[LISTED RECORDS Boundary: Start]

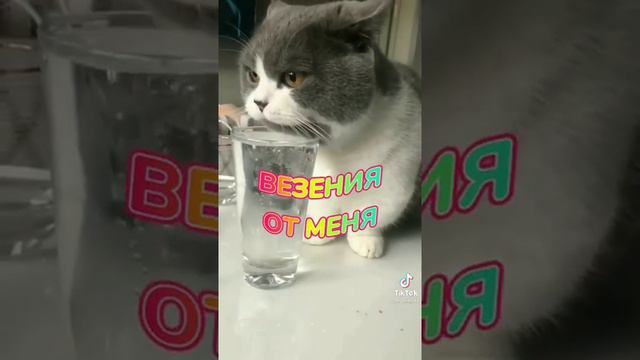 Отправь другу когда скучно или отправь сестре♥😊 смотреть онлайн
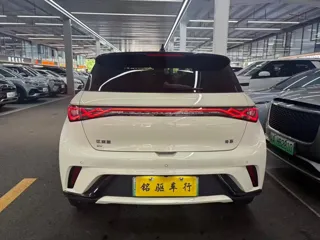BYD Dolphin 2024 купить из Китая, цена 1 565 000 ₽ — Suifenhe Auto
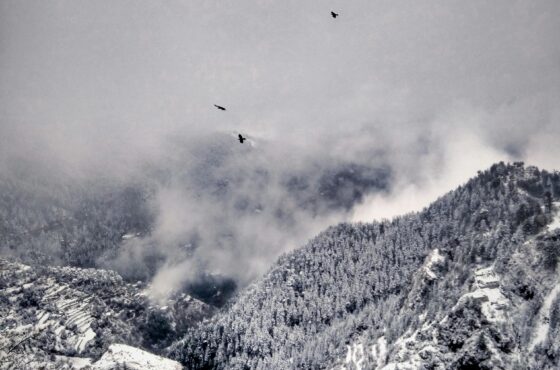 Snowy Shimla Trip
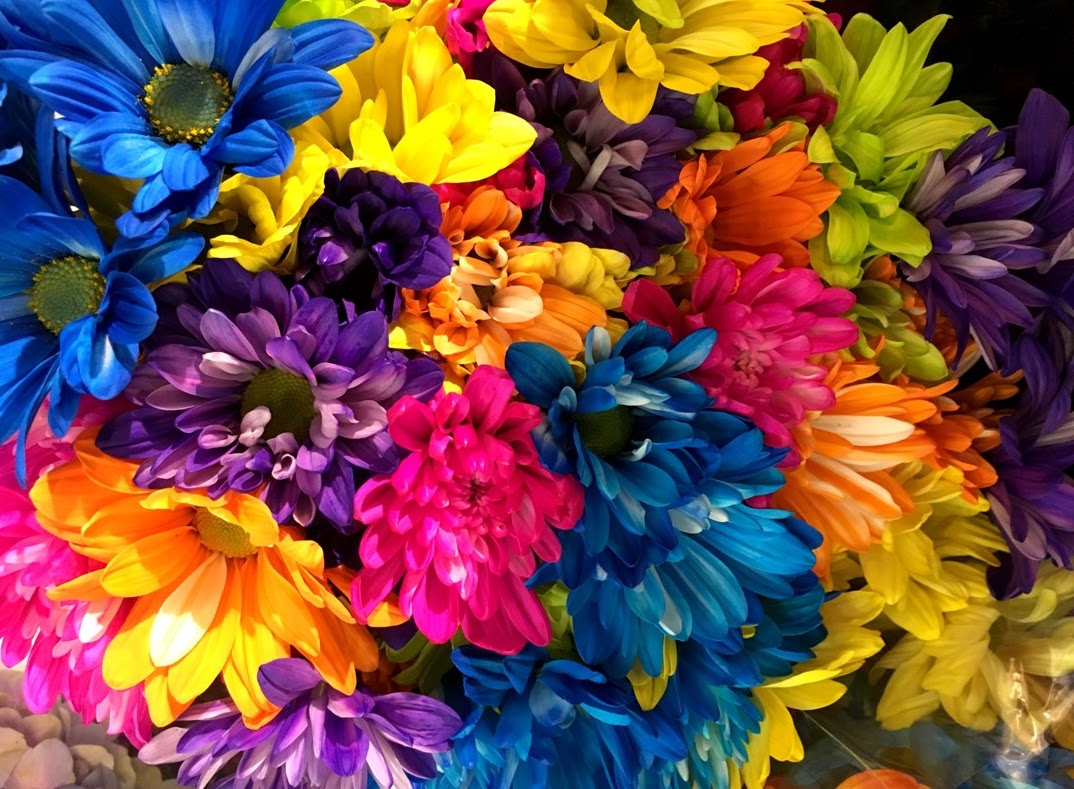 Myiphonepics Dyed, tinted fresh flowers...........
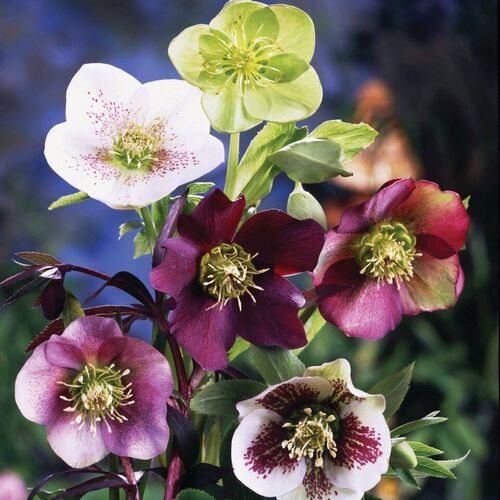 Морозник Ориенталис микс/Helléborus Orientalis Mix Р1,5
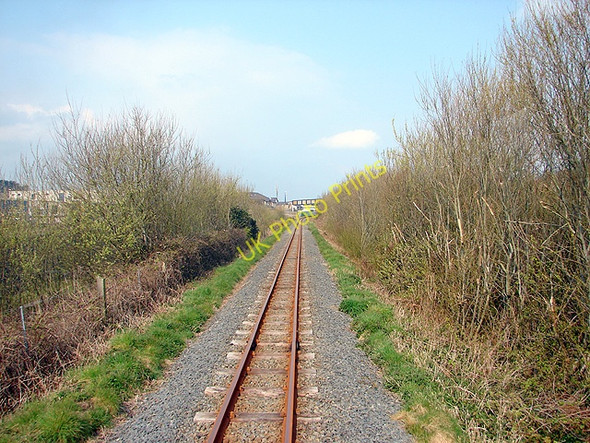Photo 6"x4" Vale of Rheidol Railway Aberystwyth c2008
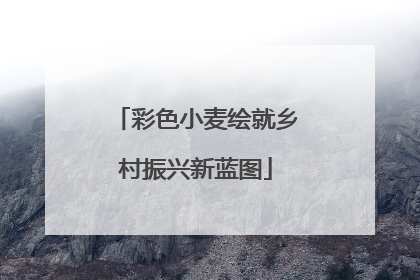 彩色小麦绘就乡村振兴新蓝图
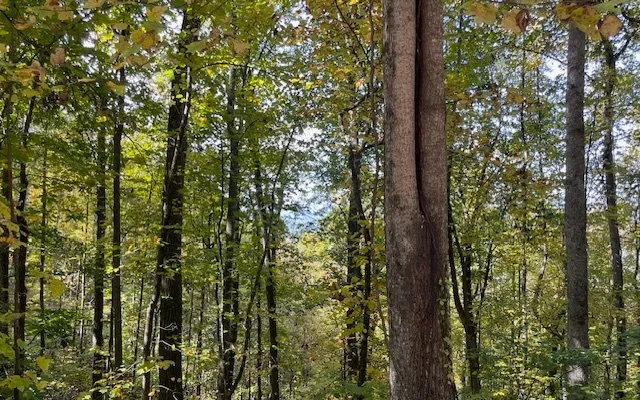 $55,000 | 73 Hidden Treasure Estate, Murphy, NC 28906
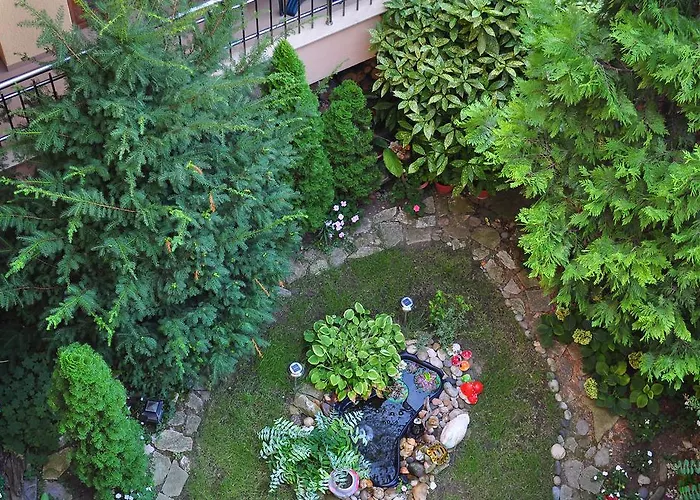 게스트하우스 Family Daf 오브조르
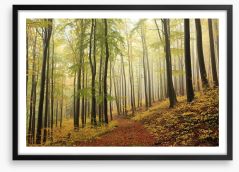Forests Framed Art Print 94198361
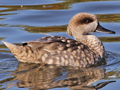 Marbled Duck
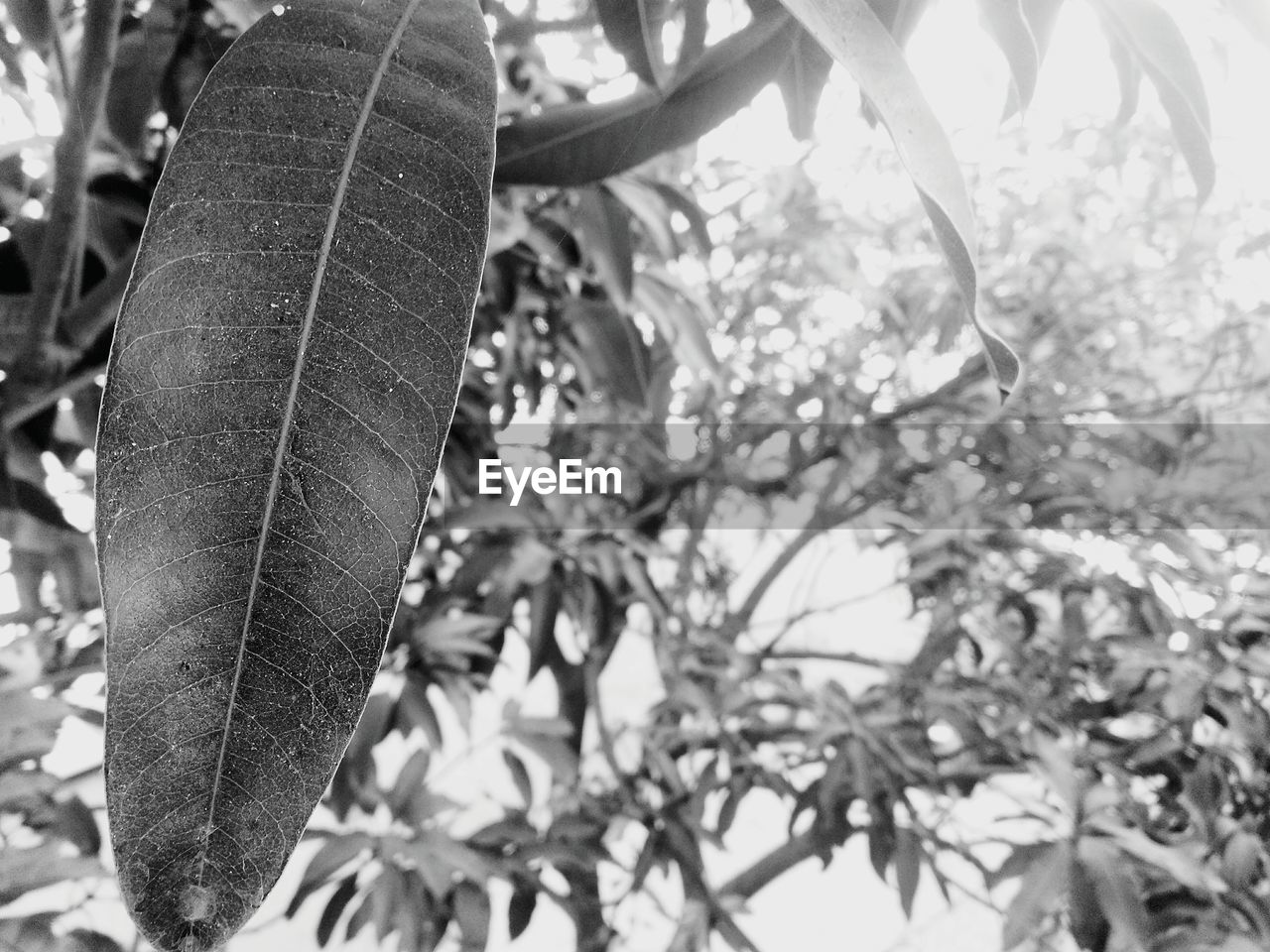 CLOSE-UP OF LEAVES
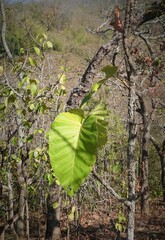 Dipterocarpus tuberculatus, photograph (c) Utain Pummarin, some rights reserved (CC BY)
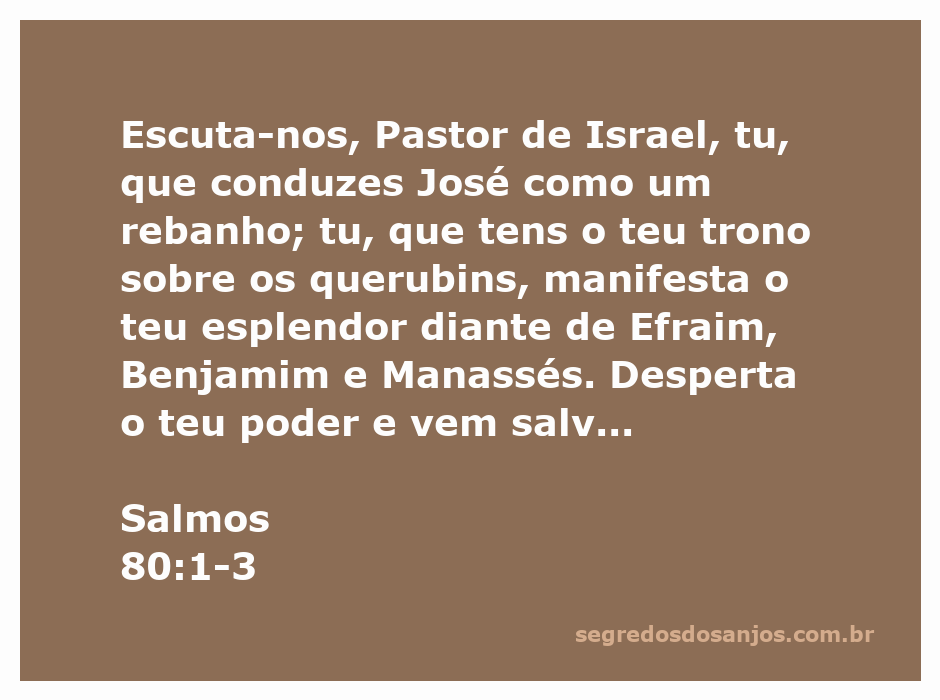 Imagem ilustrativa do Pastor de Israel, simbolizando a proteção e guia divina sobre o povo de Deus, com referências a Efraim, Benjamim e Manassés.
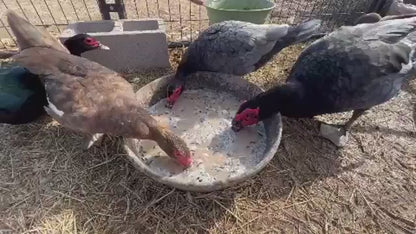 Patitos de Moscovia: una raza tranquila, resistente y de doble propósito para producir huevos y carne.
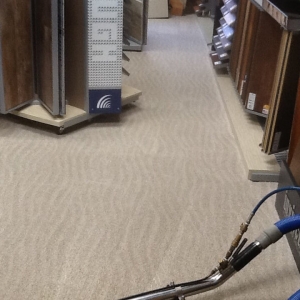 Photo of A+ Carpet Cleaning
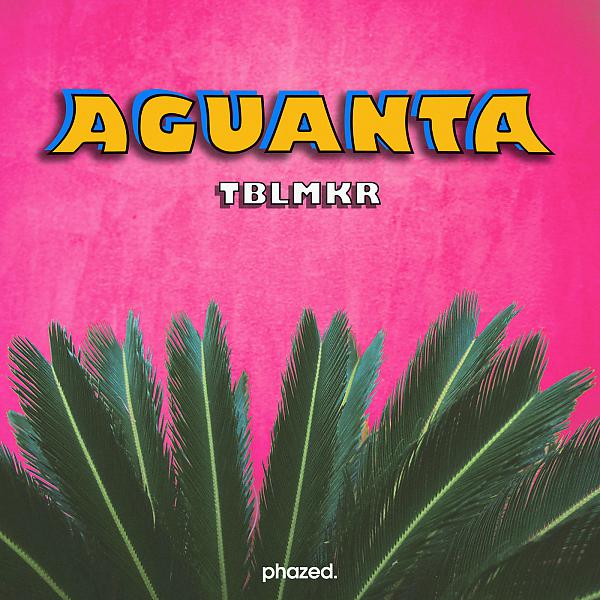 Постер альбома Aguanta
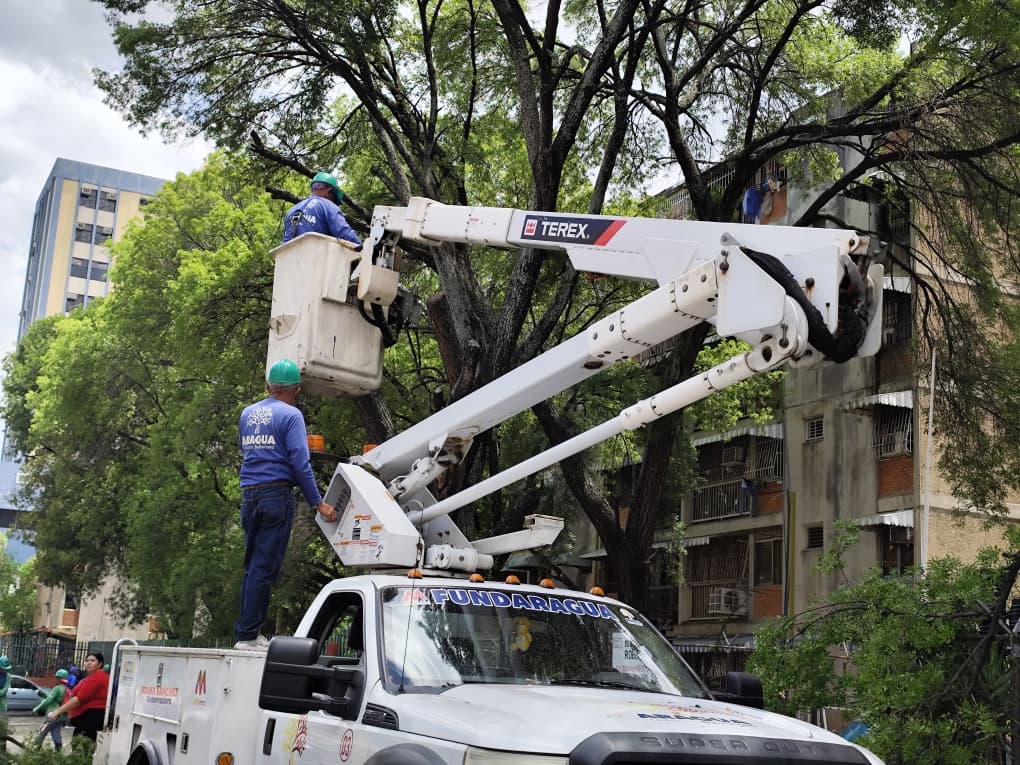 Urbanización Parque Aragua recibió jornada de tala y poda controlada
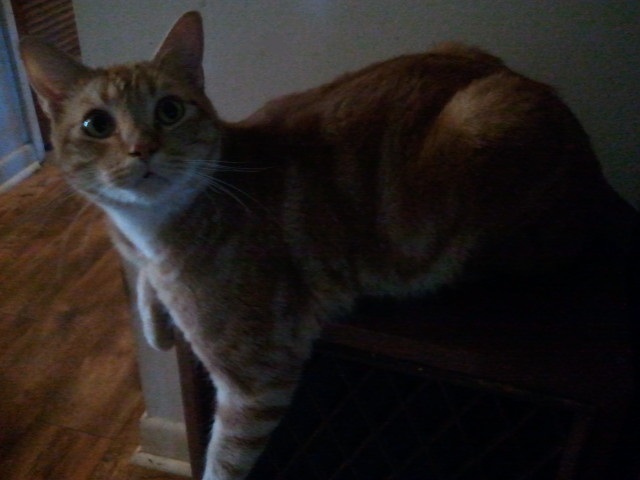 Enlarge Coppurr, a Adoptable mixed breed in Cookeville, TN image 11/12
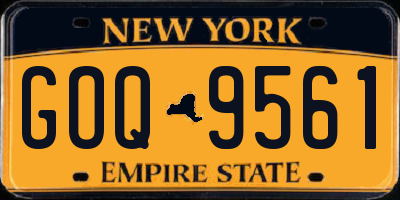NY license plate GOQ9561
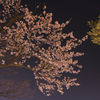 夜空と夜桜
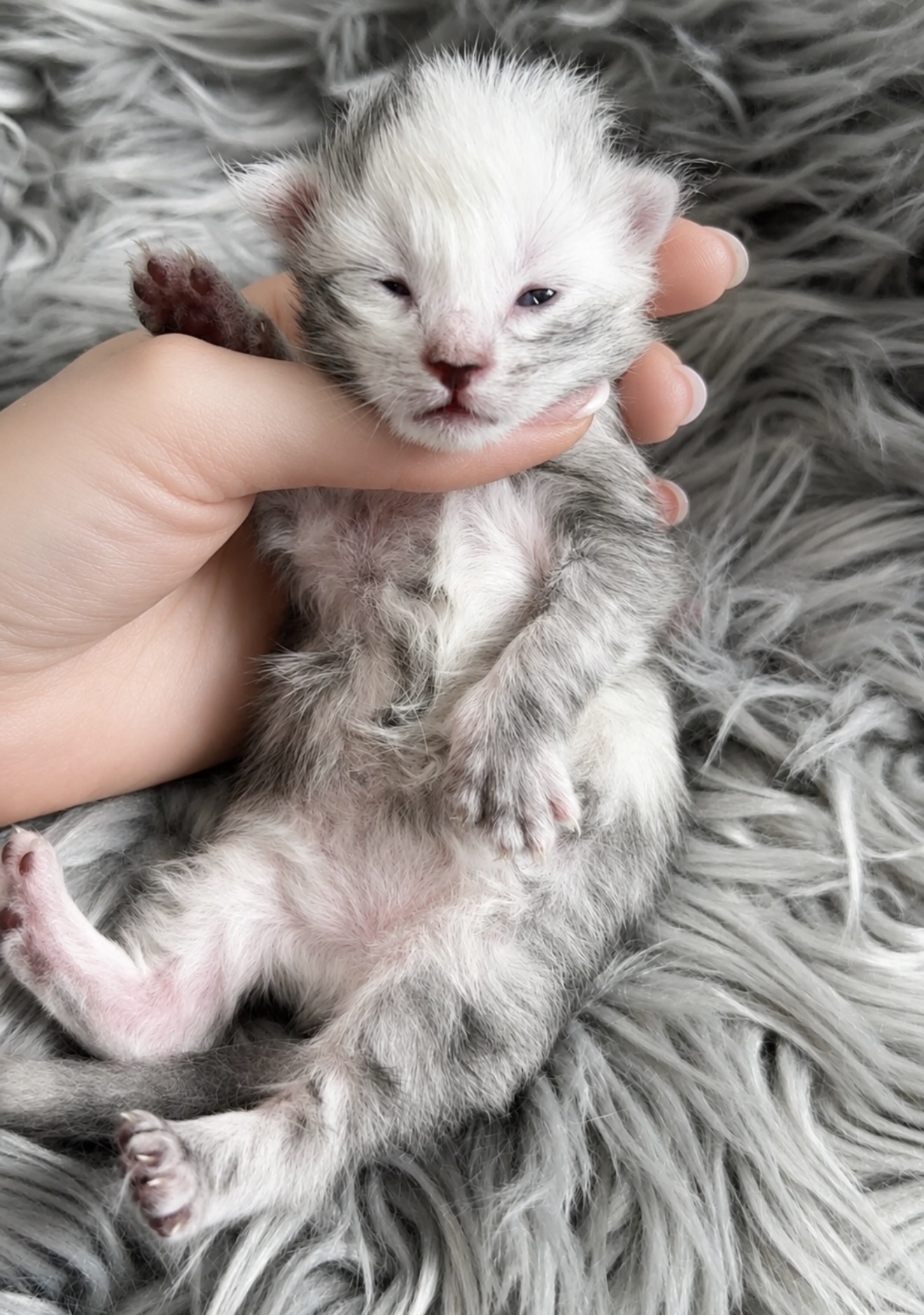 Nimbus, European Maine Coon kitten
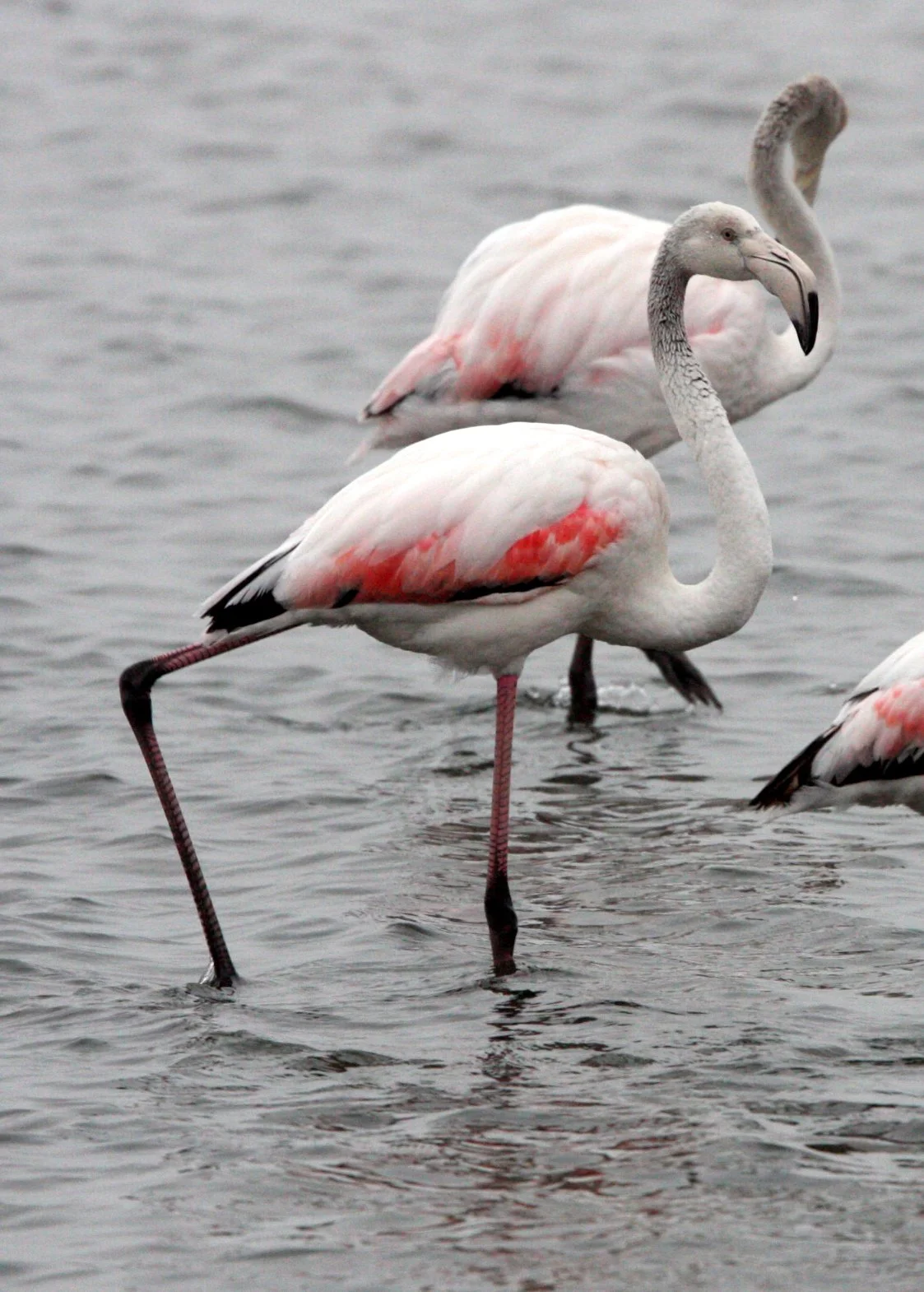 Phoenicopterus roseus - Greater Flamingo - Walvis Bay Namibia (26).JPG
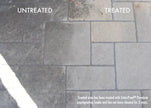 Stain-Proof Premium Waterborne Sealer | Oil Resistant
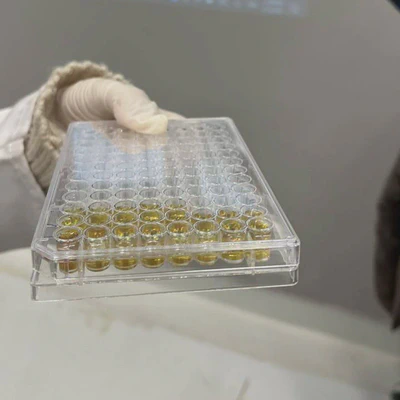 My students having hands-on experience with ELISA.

[LISTED RECORDS Boundary: End]

WHAT TO WORK ON:
The records are to be returned verbatim. Skip any picture they contain.

EXPECTED ANSWER:
 Отправь другу когда скучно или отправь сестре♥😊 смотреть онлайн
BYD Dolphin 2024 купить из Китая, цена 1 565 000 ₽ — Suifenhe Auto
 Snowy Shimla Trip
 Myiphonepics Dyed, tinted fresh flowers...........
 Морозник Ориенталис микс/Helléborus Orientalis Mix Р1,5
Photo 6"x4" Vale of Rheidol Railway Aberystwyth c2008
 彩色小麦绘就乡村振兴新蓝图
 $55,000 | 73 Hidden Treasure Estate, Murphy, NC 28906
 게스트하우스 Family Daf 오브조르
Forests Framed Art Print 94198361
 Marbled Duck
 CLOSE-UP OF LEAVES
 Dipterocarpus tuberculatus, photograph (c) Utain Pummarin, some rights reserved (CC BY)
 Imagem ilustrativa do Pastor de Israel, simbolizando a proteção e guia divina sobre o povo de Deus, com referências a Efraim, Benjamim e Manassés.
 Patitos de Moscovia: una raza tranquila, resistente y de doble propósito para producir huevos y carne.
 Photo of A+ Carpet Cleaning
 Постер альбома Aguanta
 Urbanización Parque Aragua recibió jornada de tala y poda controlada
 Enlarge Coppurr, a Adoptable mixed breed in Cookeville, TN image 11/12
NY license plate GOQ9561
 夜空と夜桜
 Nimbus, European Maine Coon kitten
 Phoenicopterus roseus - Greater Flamingo - Walvis Bay Namibia (26).JPG
 Stain-Proof Premium Waterborne Sealer | Oil Resistant
 My students having hands-on experience with ELISA.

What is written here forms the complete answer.